Records for the task:
--

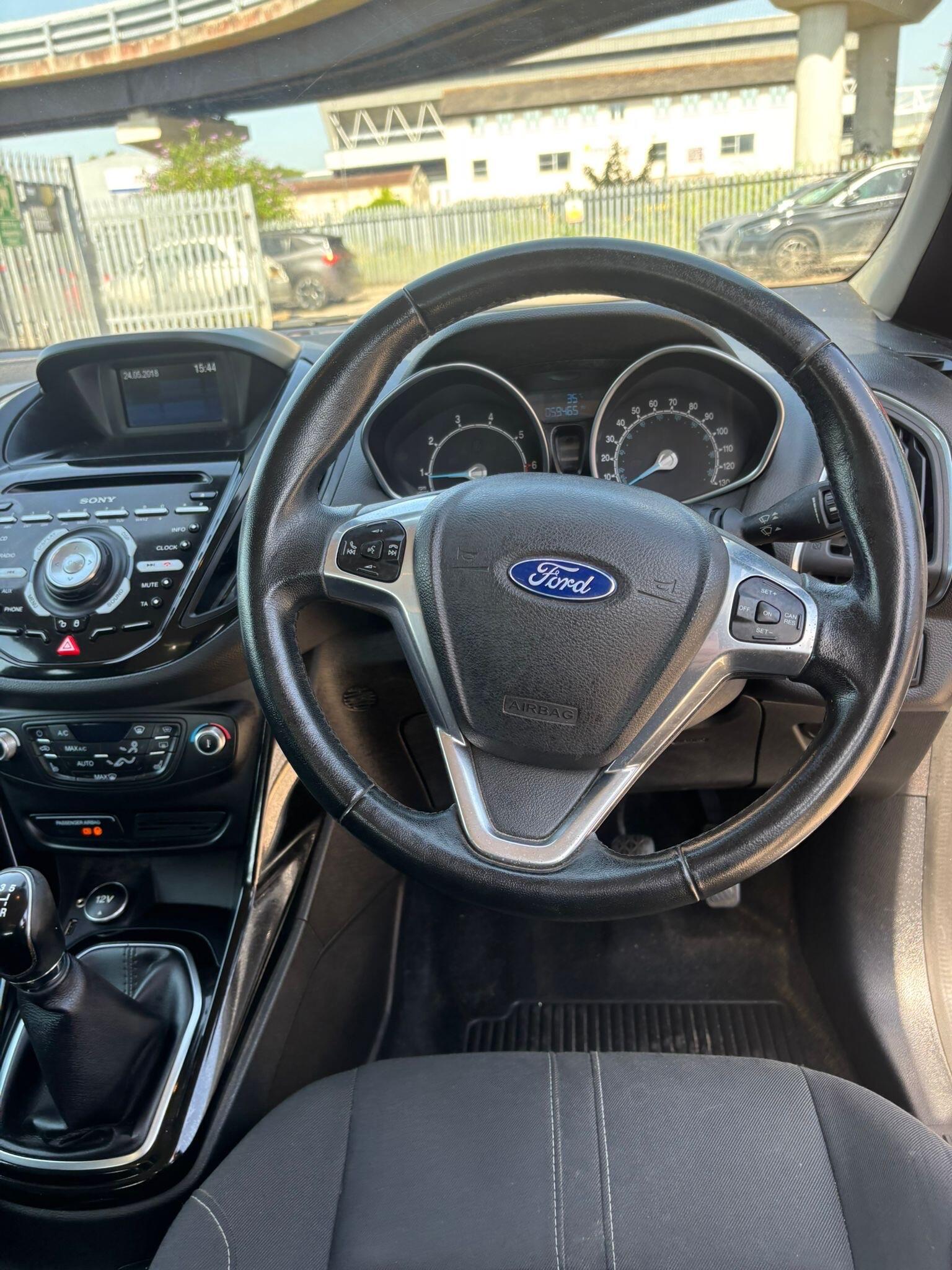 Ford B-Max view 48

--

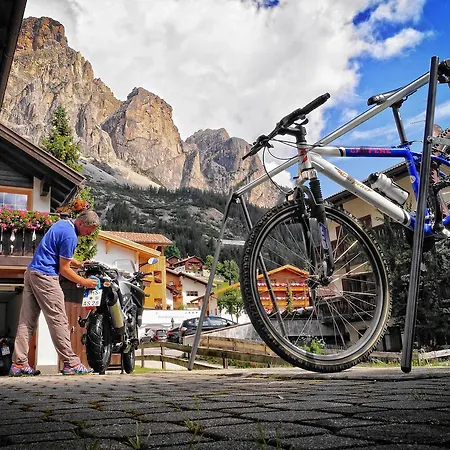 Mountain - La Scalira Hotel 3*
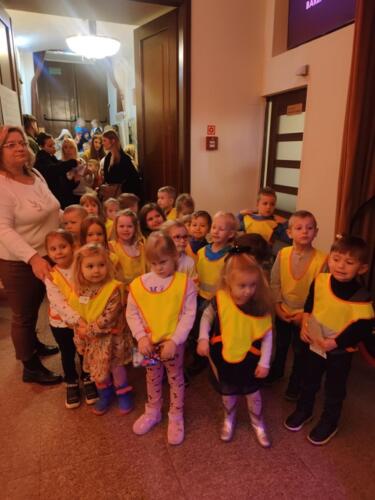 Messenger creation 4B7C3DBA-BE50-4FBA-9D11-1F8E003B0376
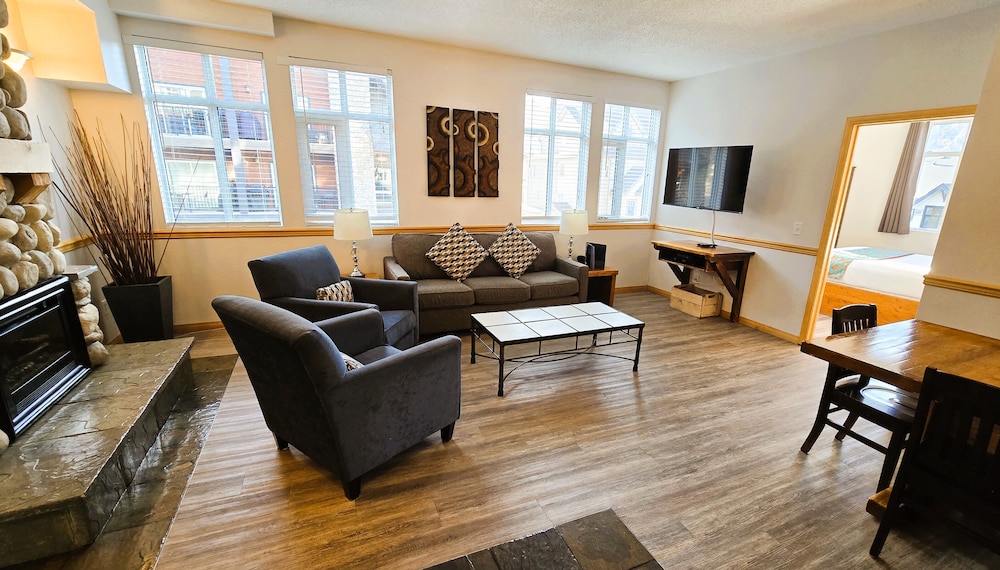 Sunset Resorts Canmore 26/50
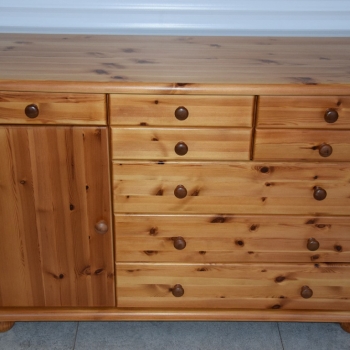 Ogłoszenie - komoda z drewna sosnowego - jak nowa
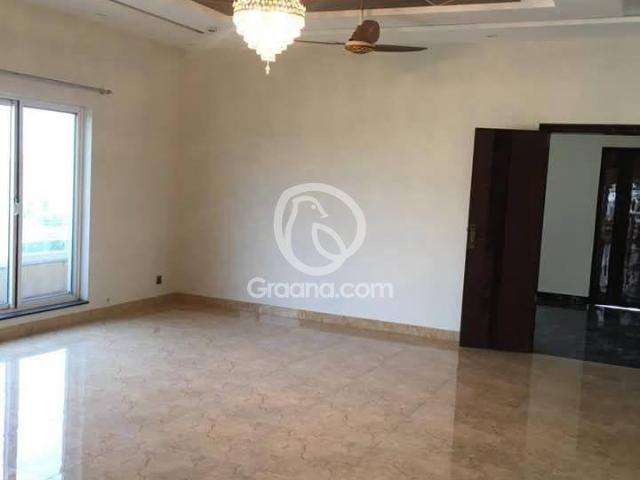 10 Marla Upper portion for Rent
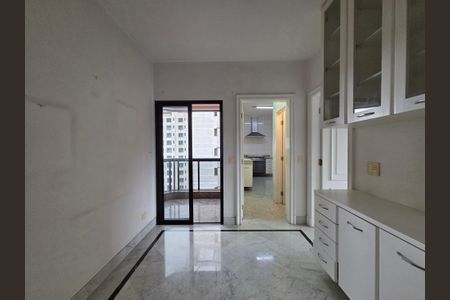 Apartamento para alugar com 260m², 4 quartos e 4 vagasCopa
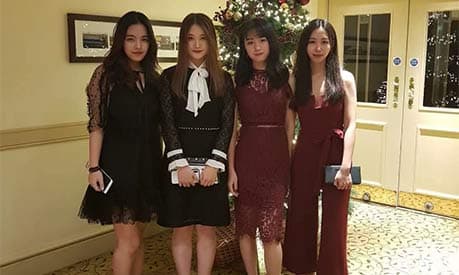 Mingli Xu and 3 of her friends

--

Problem: With pictures omitted, repeat the entries above word for word from the line holding "Ogłoszenie - komoda" down to the line holding "Mingli Xu and 3 of her friends", keeping both of those lines.

Answer to the exercise:
 Ogłoszenie - komoda z drewna sosnowego - jak nowa
 10 Marla Upper portion for Rent
 Apartamento para alugar com 260m², 4 quartos e 4 vagasCopa
 Mingli Xu and 3 of her friends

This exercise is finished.